### Data excerpts

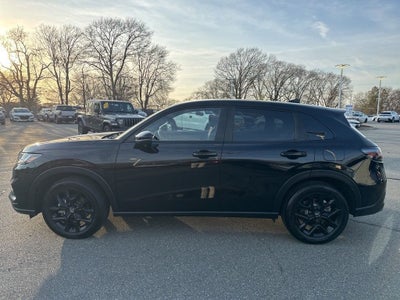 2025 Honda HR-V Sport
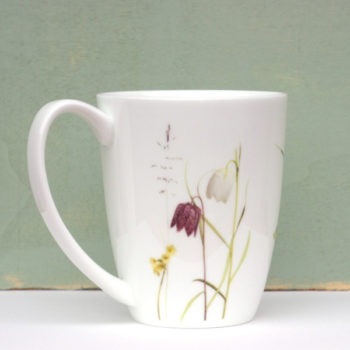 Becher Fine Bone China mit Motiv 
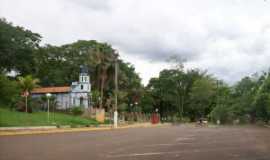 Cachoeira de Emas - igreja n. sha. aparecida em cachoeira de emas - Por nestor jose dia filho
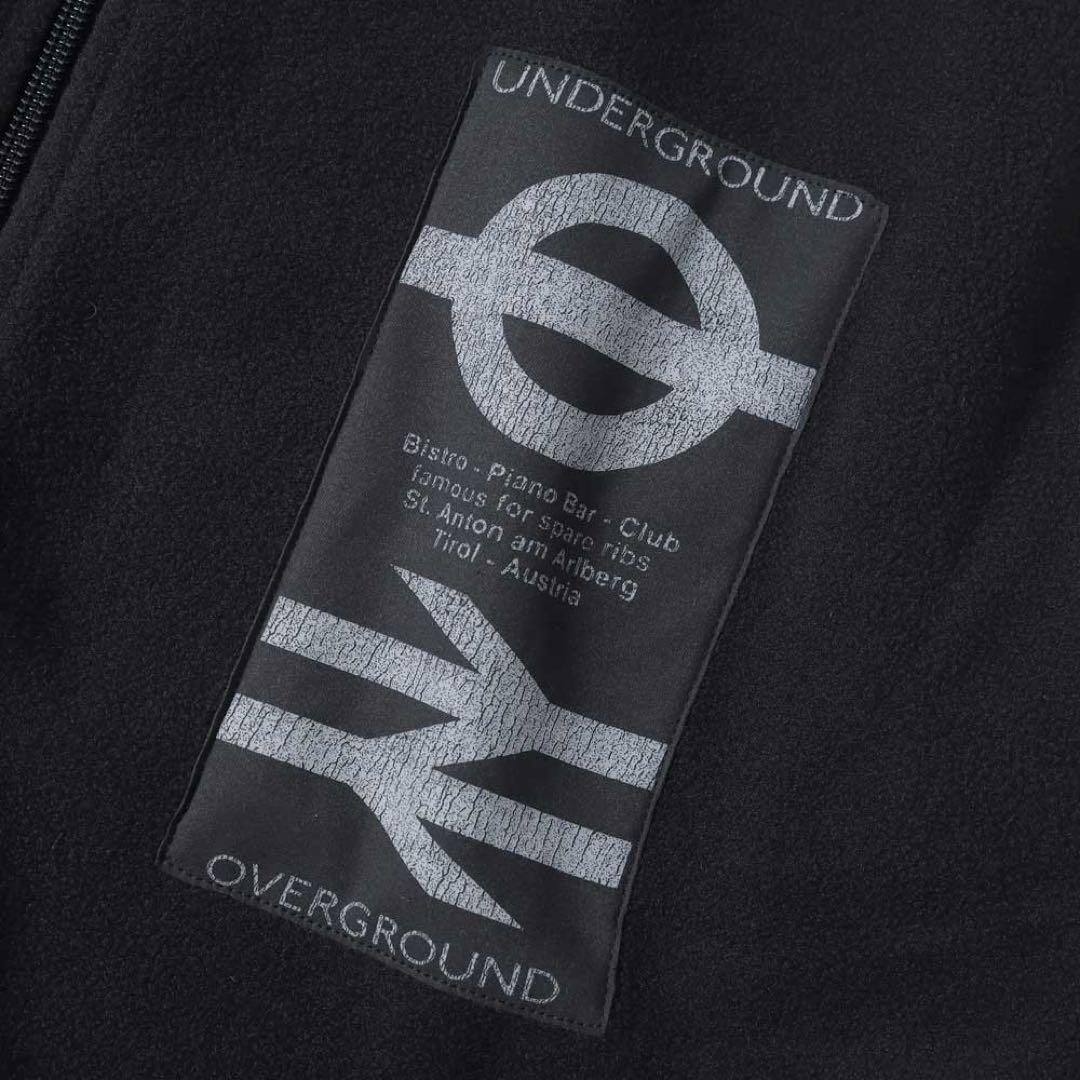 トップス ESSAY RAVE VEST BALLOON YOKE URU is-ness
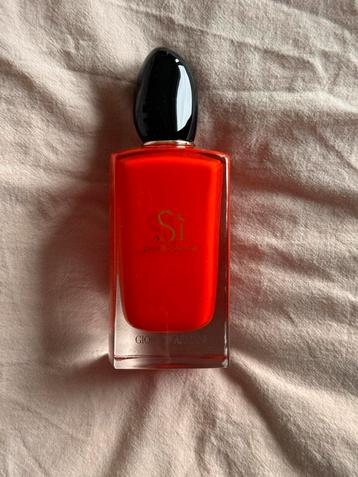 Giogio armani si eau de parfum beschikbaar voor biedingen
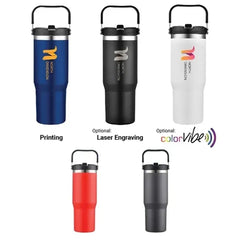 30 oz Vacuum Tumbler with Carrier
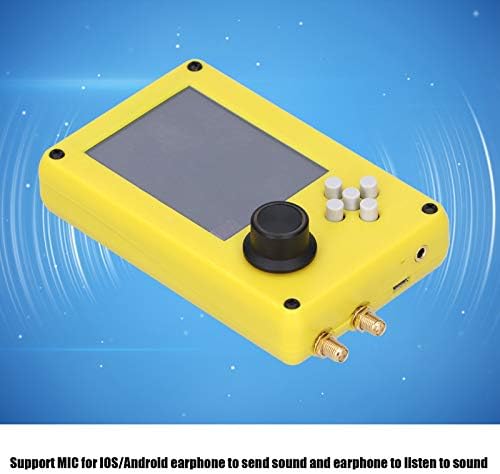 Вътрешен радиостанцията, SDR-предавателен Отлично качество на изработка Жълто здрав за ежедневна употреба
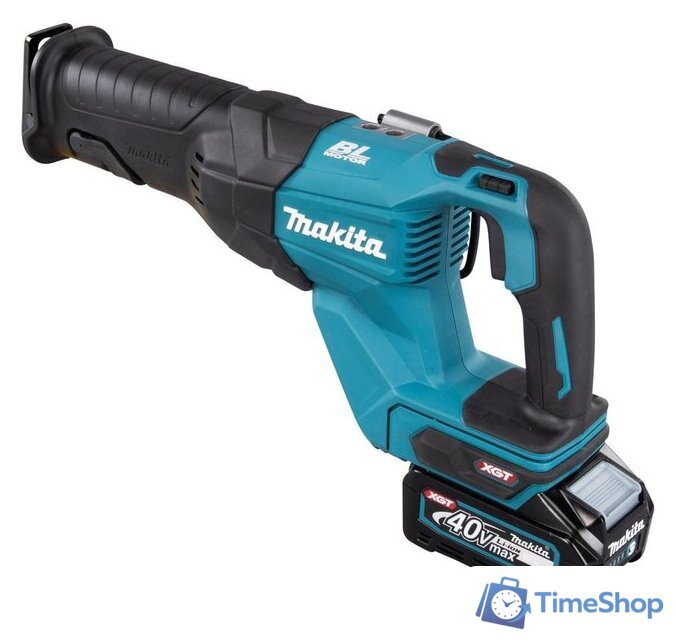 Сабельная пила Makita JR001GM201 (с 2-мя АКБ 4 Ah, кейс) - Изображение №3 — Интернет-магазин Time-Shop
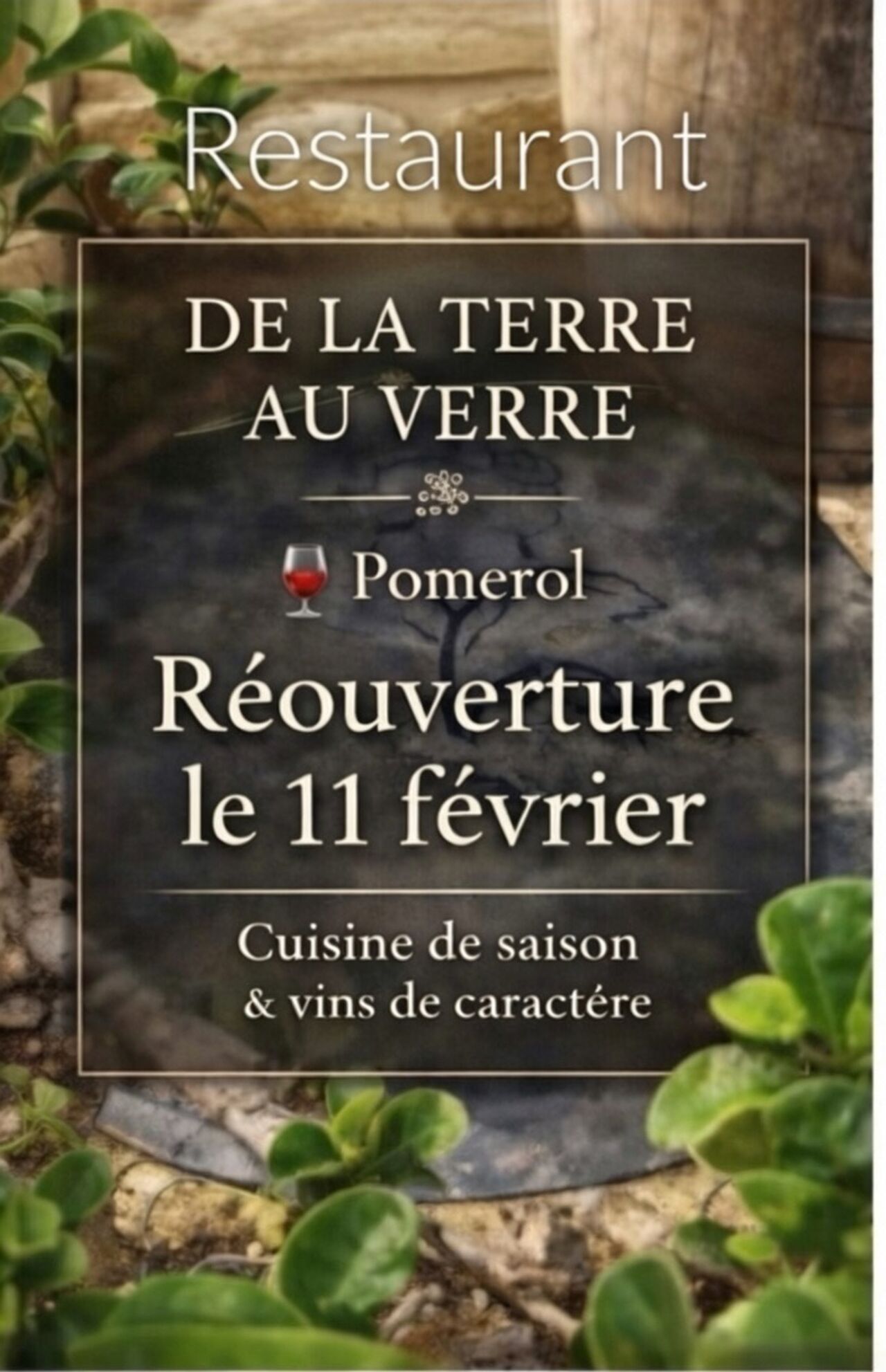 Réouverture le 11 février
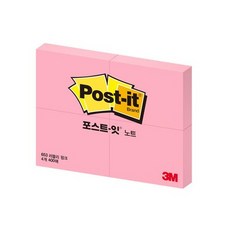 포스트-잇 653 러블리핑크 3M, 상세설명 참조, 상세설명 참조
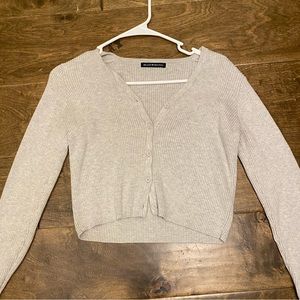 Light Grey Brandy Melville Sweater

---

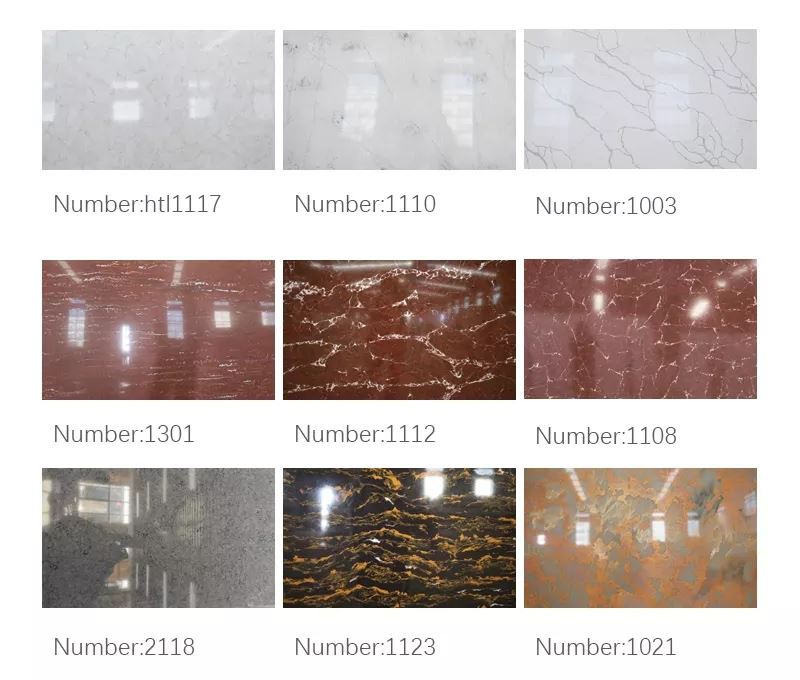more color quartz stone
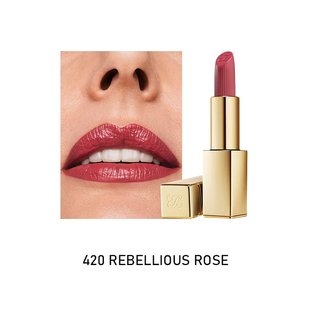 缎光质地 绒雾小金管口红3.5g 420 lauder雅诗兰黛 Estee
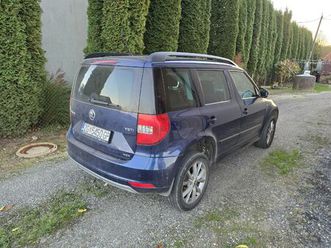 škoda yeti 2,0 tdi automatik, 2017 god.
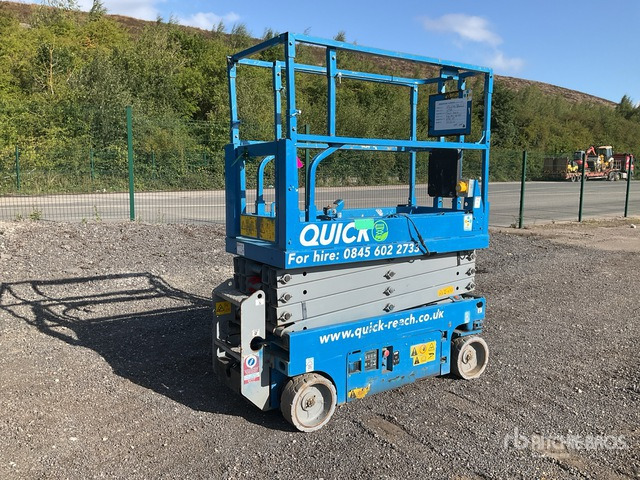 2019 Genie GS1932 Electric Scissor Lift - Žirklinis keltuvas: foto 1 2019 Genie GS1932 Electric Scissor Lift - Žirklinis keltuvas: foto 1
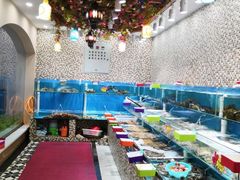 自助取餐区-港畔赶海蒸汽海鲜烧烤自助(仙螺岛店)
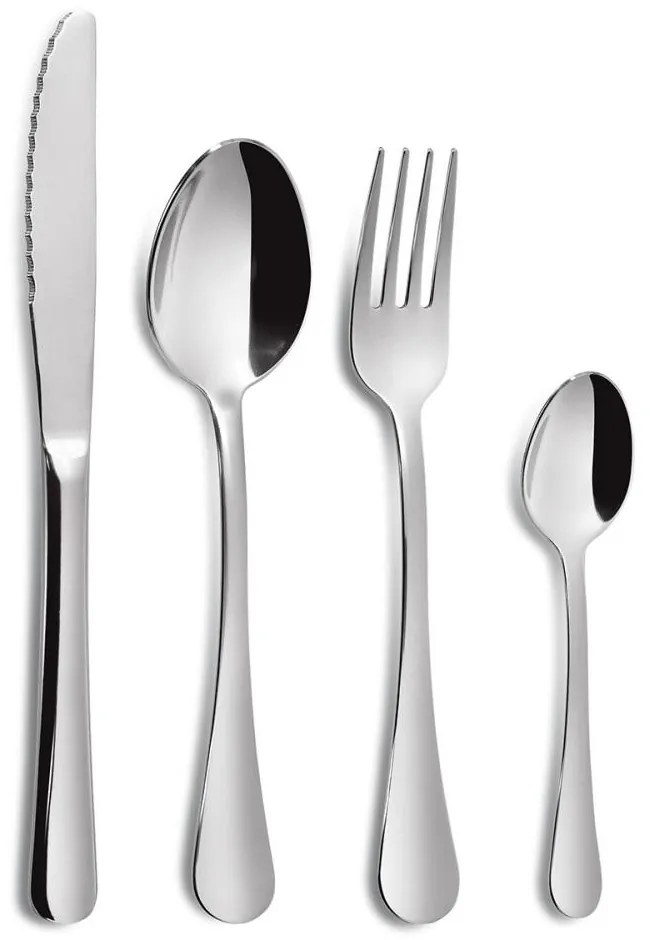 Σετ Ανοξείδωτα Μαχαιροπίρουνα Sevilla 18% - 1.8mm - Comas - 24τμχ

--

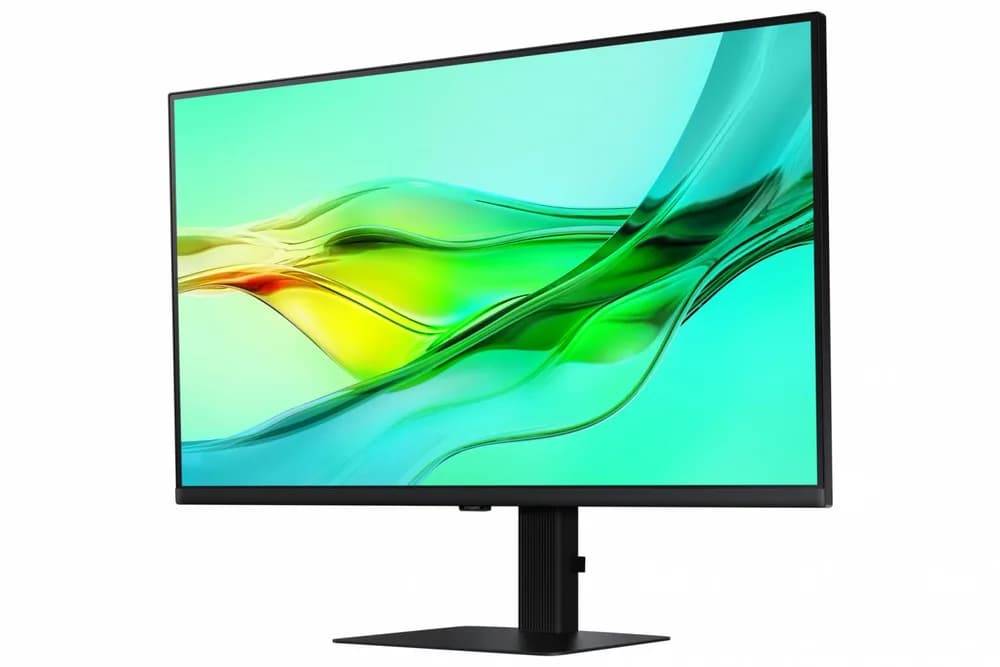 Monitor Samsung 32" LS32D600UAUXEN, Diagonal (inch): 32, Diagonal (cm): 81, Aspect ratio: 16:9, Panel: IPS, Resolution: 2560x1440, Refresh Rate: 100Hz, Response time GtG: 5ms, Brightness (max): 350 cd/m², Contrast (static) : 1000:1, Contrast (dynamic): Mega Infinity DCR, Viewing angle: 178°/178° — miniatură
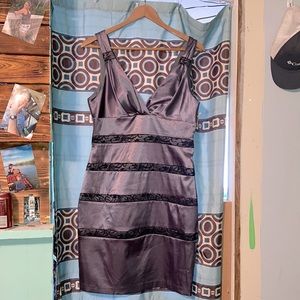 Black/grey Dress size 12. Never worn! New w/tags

### Instructions for the task
From the data above, return only the lines starting at the line that holds "포스트-잇 653 러블리핑크 3M, 상세설명 참조, 상세설명 참조" and ending at the line that holds "Light Grey Brandy Melville Sweater", word for word and without pictures.

### Result
 포스트-잇 653 러블리핑크 3M, 상세설명 참조, 상세설명 참조
 Light Grey Brandy Melville Sweater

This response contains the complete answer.